(Image-text web data)

◇ ◇ ◇ ◇ ◇

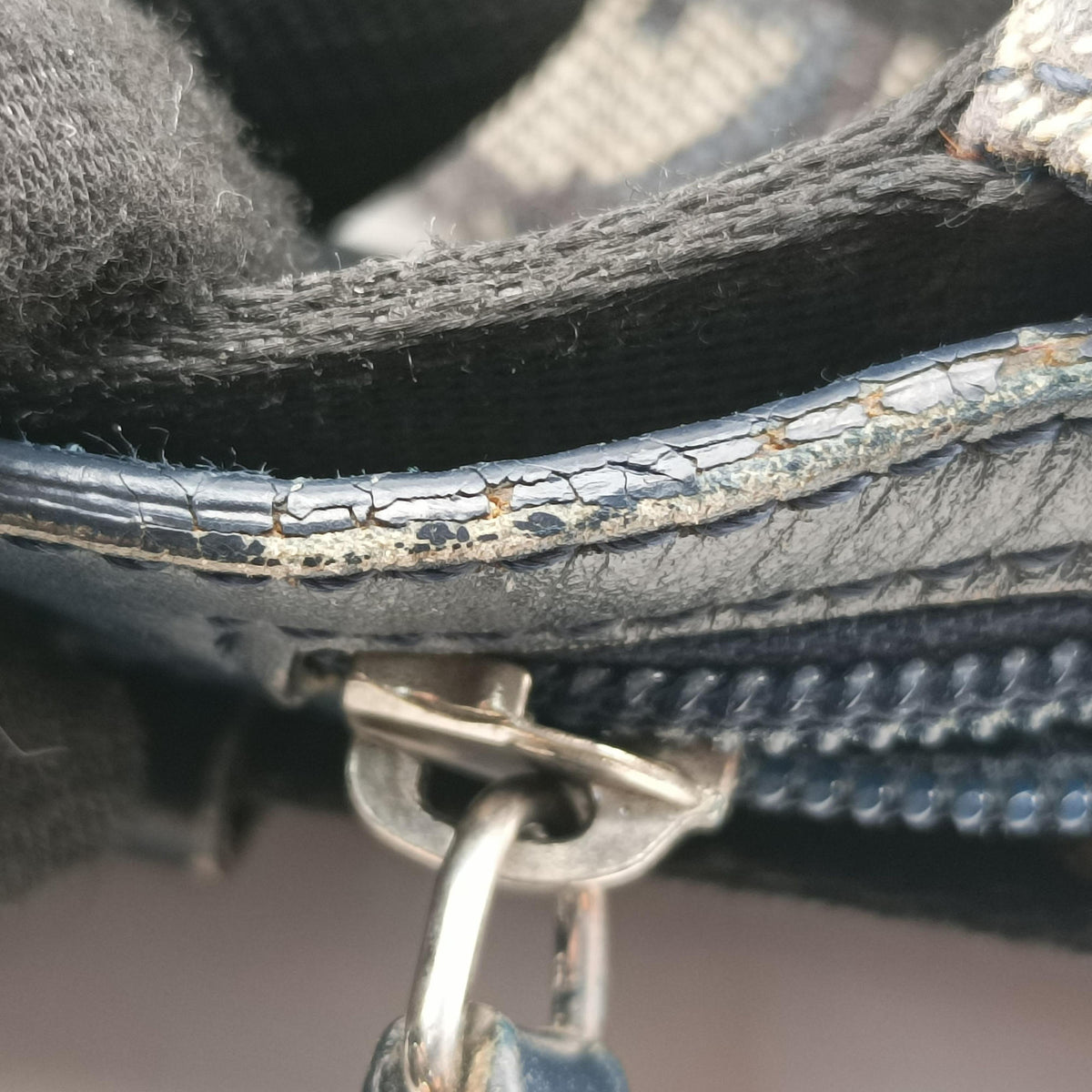 Pre-owned Christian Dior Trotter Navy Jacquard  shoulderbag | stylenewstar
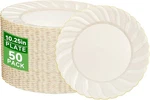 Youbet 50 Pack Ivory Scalloped Plastic Plates 10.25 Inch Disposable Pla... New. Price: $48.84.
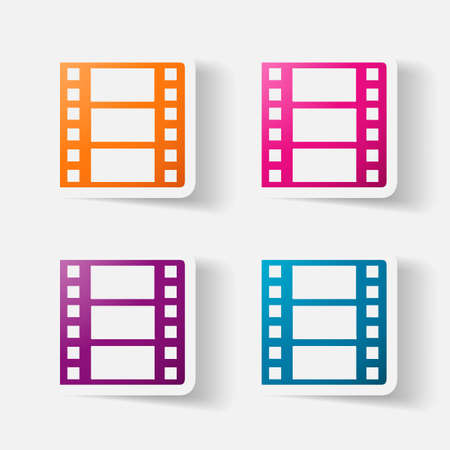 Paper clipped sticker: film. Isolated illustration iconのイラスト素材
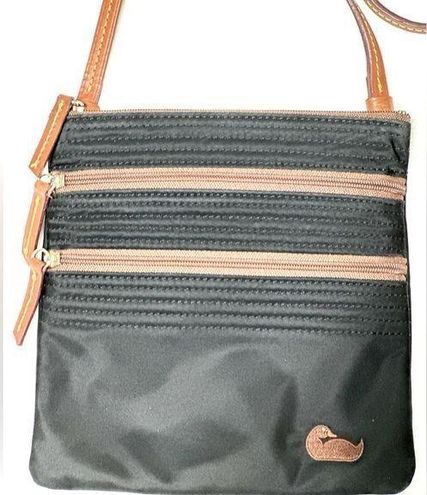 Dooney & Bourke Nylon Triple Zip Crossbody Bag in Black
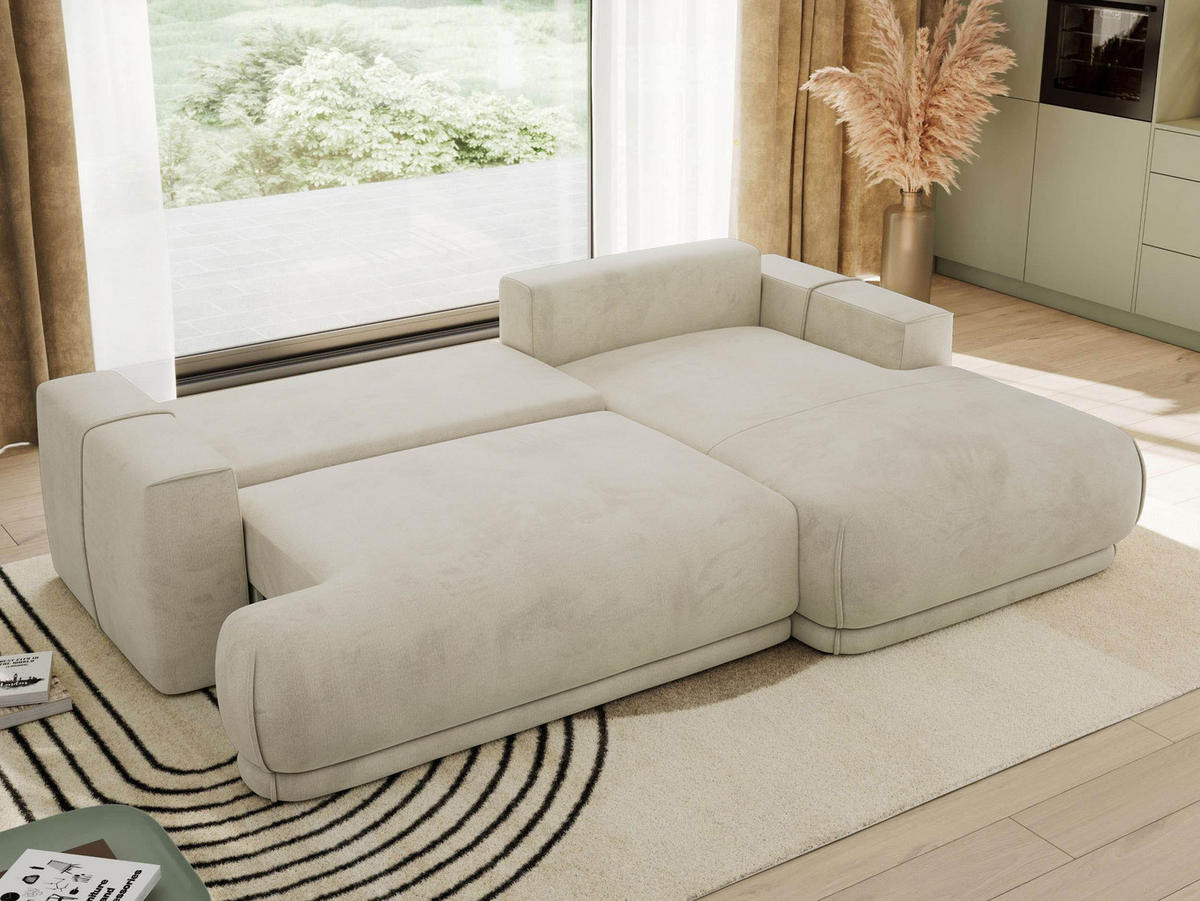 ECKSCHLAFSOFA RINA L Beige Velvet - rechts - Beige/Schwarz, Kunststoff/Textil (172/266cm) - MKS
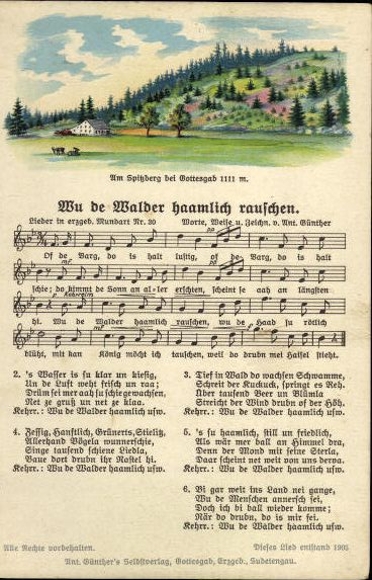 30 song cards, Anton Günther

◇ ◇ ◇ ◇ ◇

> [Activity] Reproduce all of the entries exactly as they appear, though any picture they include must be omitted.

> [Solution to the problem]
 Pre-owned Christian Dior Trotter Navy Jacquard  shoulderbag | stylenewstar
 Youbet 50 Pack Ivory Scalloped Plastic Plates 10.25 Inch Disposable Pla... New. Price: $48.84.
 Paper clipped sticker: film. Isolated illustration iconのイラスト素材
 Dooney & Bourke Nylon Triple Zip Crossbody Bag in Black
 ECKSCHLAFSOFA RINA L Beige Velvet - rechts - Beige/Schwarz, Kunststoff/Textil (172/266cm) - MKS
 30 song cards, Anton Günther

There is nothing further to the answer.